** Data under study follows **

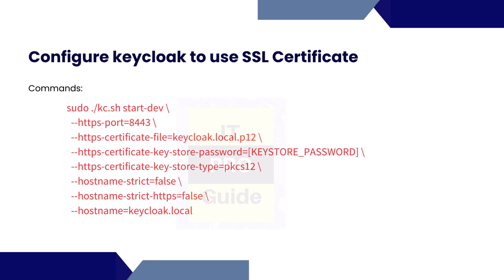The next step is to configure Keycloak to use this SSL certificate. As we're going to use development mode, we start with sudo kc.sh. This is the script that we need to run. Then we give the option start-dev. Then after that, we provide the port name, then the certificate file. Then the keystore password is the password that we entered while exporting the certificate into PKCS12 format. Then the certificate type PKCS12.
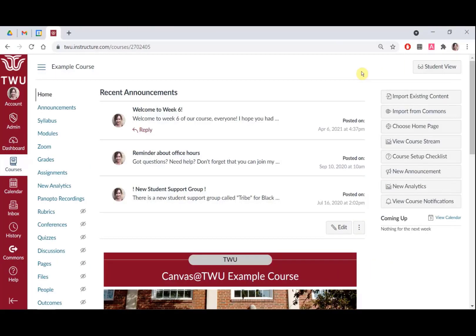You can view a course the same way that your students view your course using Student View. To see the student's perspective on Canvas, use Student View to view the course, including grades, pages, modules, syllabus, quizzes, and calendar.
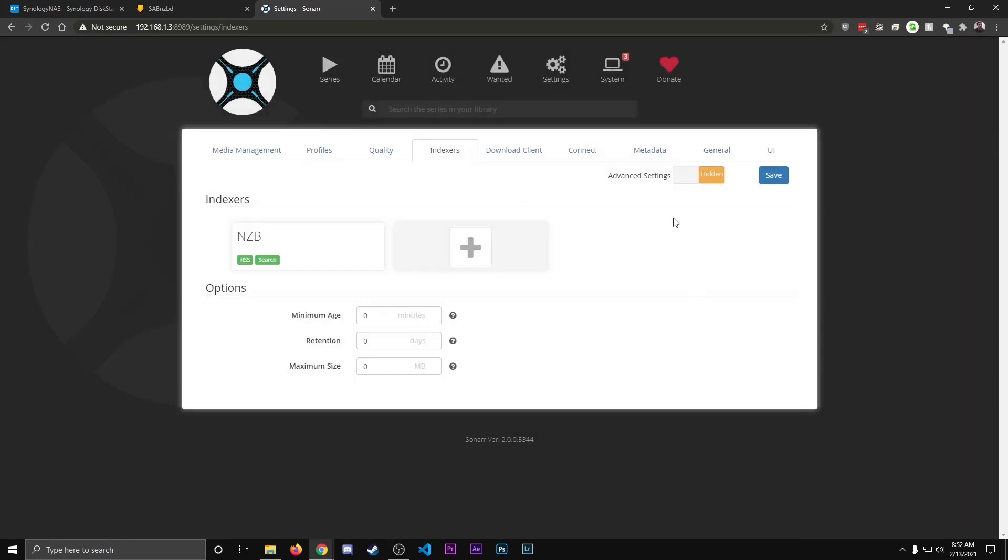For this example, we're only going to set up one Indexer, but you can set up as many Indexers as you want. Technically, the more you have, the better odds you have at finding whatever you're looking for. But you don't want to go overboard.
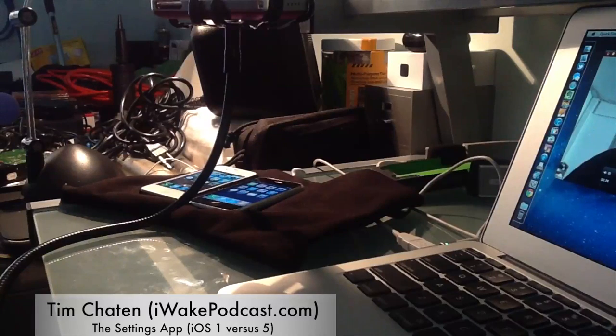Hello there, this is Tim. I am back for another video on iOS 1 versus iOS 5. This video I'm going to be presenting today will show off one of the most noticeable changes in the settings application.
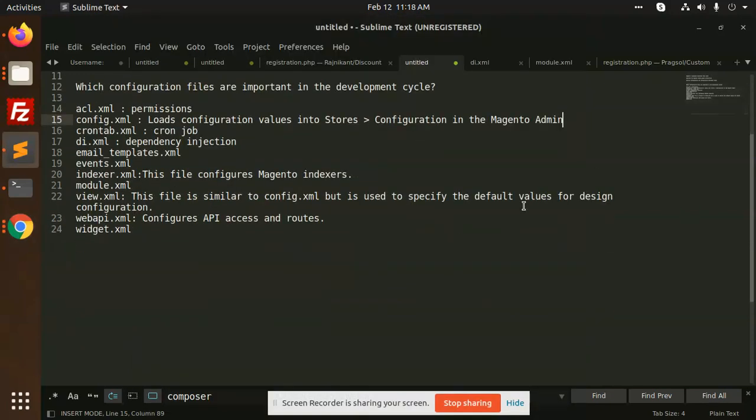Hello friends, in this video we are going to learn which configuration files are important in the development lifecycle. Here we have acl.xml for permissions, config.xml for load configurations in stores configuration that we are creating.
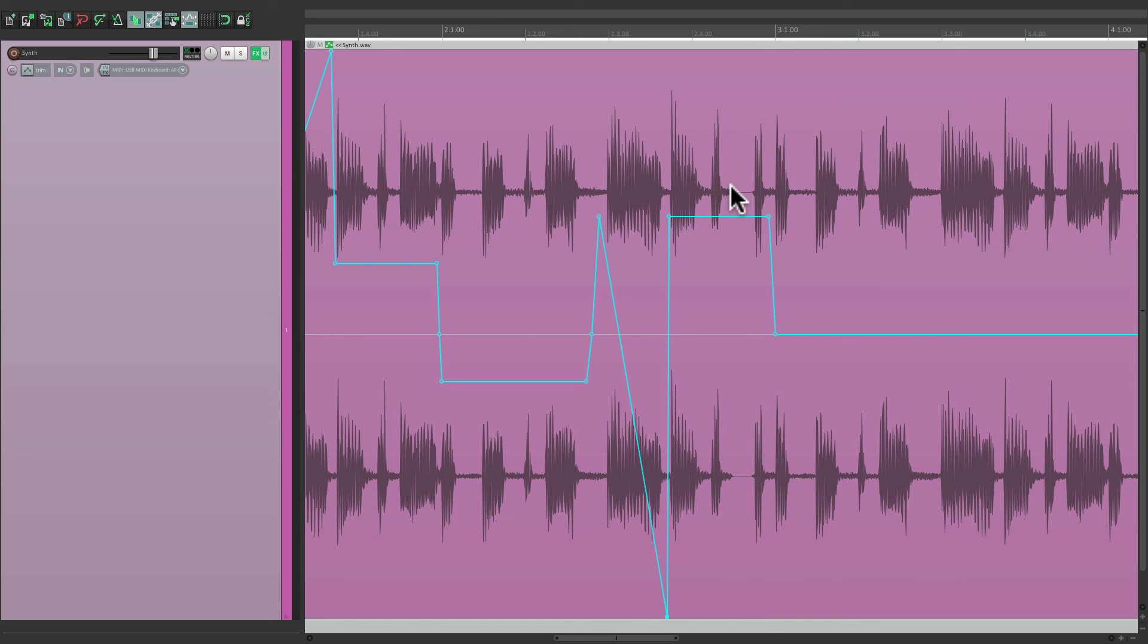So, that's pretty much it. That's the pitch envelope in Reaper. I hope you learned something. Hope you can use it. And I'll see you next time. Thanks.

** End of Data under study **

Exercise directions | Repeat the data exactly. Pictures should not appear.

Result for this task |
The next step is to configure Keycloak to use this SSL certificate. As we're going to use development mode, we start with sudo kc.sh. This is the script that we need to run. Then we give the option start-dev. Then after that, we provide the port name, then the certificate file. Then the keystore password is the password that we entered while exporting the certificate into PKCS12 format. Then the certificate type PKCS12.
You can view a course the same way that your students view your course using Student View. To see the student's perspective on Canvas, use Student View to view the course, including grades, pages, modules, syllabus, quizzes, and calendar.
For this example, we're only going to set up one Indexer, but you can set up as many Indexers as you want. Technically, the more you have, the better odds you have at finding whatever you're looking for. But you don't want to go overboard.
Hello there, this is Tim. I am back for another video on iOS 1 versus iOS 5. This video I'm going to be presenting today will show off one of the most noticeable changes in the settings application.
Hello friends, in this video we are going to learn which configuration files are important in the development lifecycle. Here we have acl.xml for permissions, config.xml for load configurations in stores configuration that we are creating.
So, that's pretty much it. That's the pitch envelope in Reaper. I hope you learned something. Hope you can use it. And I'll see you next time. Thanks.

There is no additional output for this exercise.